DATA SEGMENT:
:::::
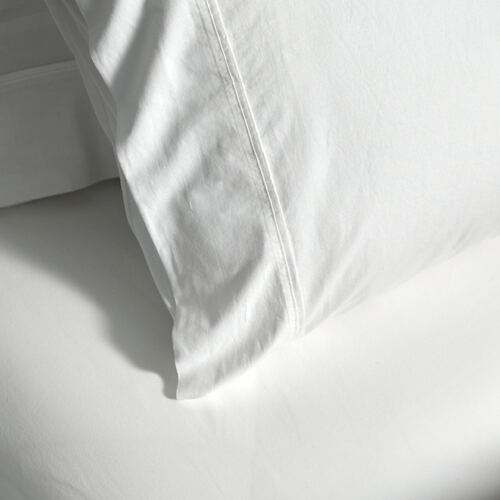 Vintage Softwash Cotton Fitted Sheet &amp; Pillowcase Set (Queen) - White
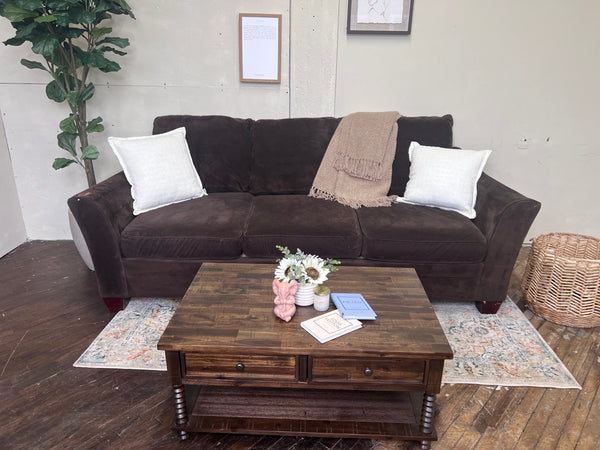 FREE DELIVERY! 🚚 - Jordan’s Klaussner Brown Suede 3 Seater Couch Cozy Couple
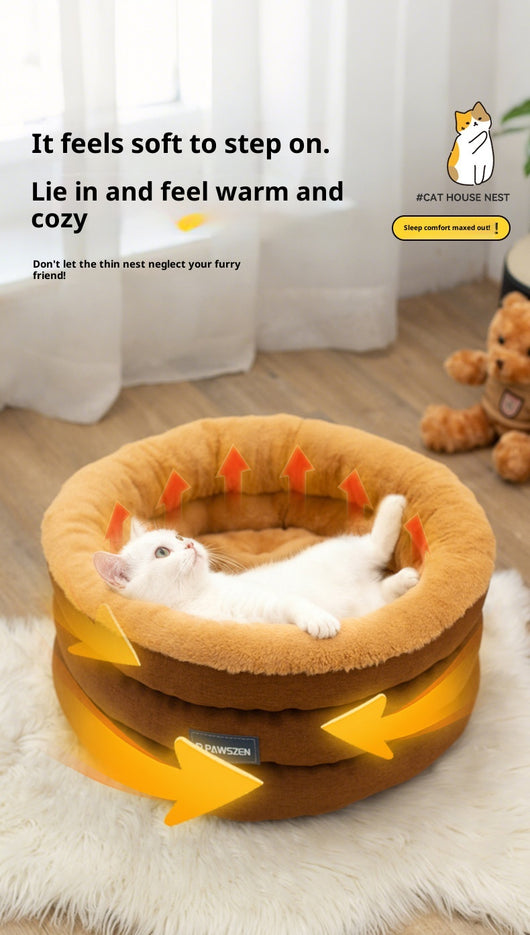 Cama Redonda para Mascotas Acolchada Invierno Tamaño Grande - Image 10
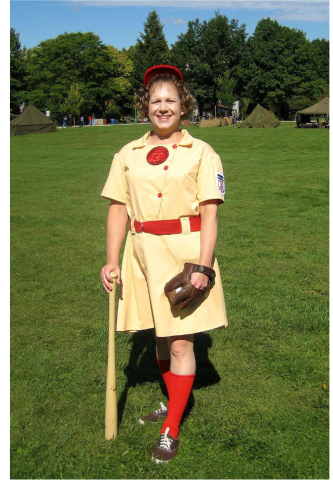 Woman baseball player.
:::::
ASSIGNED TASK: Restate, exactly as they appear, the line with "Cama Redonda para" and all the lines after it up to the end of the data above; images do not belong in the copy.

COMPLETED EXERCISE:
 Cama Redonda para Mascotas Acolchada Invierno Tamaño Grande - Image 10
 Woman baseball player.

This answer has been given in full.